I don’t run every day. Usually my dogs and I run a couple of days in a row, then take a day off. Rarely I’ll run three days in a row but leaving Finn home one of those days, which breaks my heart, seeing his sad eyes as Conall and I head out without him. I tell Finn – and myself – that it preserves his ability to keep running for another few years. With Finn, 12 in December, entering his senior years – although you’d hardly know it based on his enthusiasm for running – I’m careful to not let him overdo it.
So I incorporate lots of “rest days” into our running life. Our rest days, though, include some sort of morning walk, whether in the forest or along a country road in the valley. At least two miles, sometimes four, the dogs following their noses, leaping after imaginary voles or chasing squirrels up trees. Every morning, every day, we either run or walk.
This morning was a rest day. The boys and I walked along our favorite valley road, out and back along a one mile stretch of pavement (rare around here where gravel roads are the norm, and welcome in shoulder/mud seasons). There’s little traffic, only one ranch among the pastures, and both sides of the road are lined with wide ditches full of tall grasses, hiding voles for the dogs to try to flush. The boys leap, dig, run, sniff and sometimes eat something disgusting. They love this routine, never seem to be bored by it.
To keep my own senses engaged while walking with the boys along this relatively short stretch of road, I focus on the landscape. Seasons are distinct here, and watching them come and go, with all of their changes provides endless fascination. I take gobs of photos during these walks, and enjoy editing them once back at the house. There’s always something new to see, a new angle or aspect.

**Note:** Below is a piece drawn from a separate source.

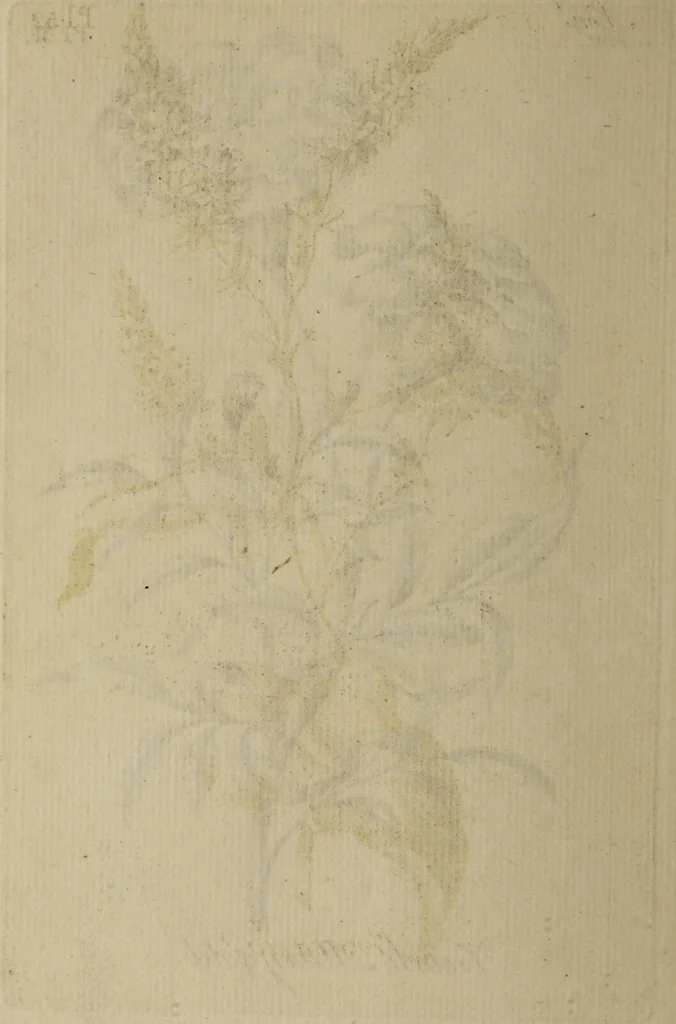 An illustration from The florist : containing sixty plates of the most beautiful flowers regularly dispos'd in their succession of blowing. To which is added an accurate description of their colours, with instructions for drawing & painting them according to nature : being a new work intended for the use & amusement of gentlemen and ladies delighting in that art., 1760, leaf 104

The fog was thick at daybreak. I waited for it to lift but it was stubborn and the boys impatient. When it finally thinned, we headed out. While it wasn’t terribly cold, the fog allowed a thick frost to drop overnight, adding sparkling white ice crystals to the plants, fence posts and barbed wire lining the road. The rising sun worked hard to burn through the remaining fog, slowly melting away the layer of frost. The landscape feels smaller, more intimate, in these conditions. I let my mind and camera focus more close-in. The scenery is so devoid of color now that many of the photos appear to be black and white.
Feature black and white photo: a green metal gate, dripping with melted frost, frames a fog-filled pasture.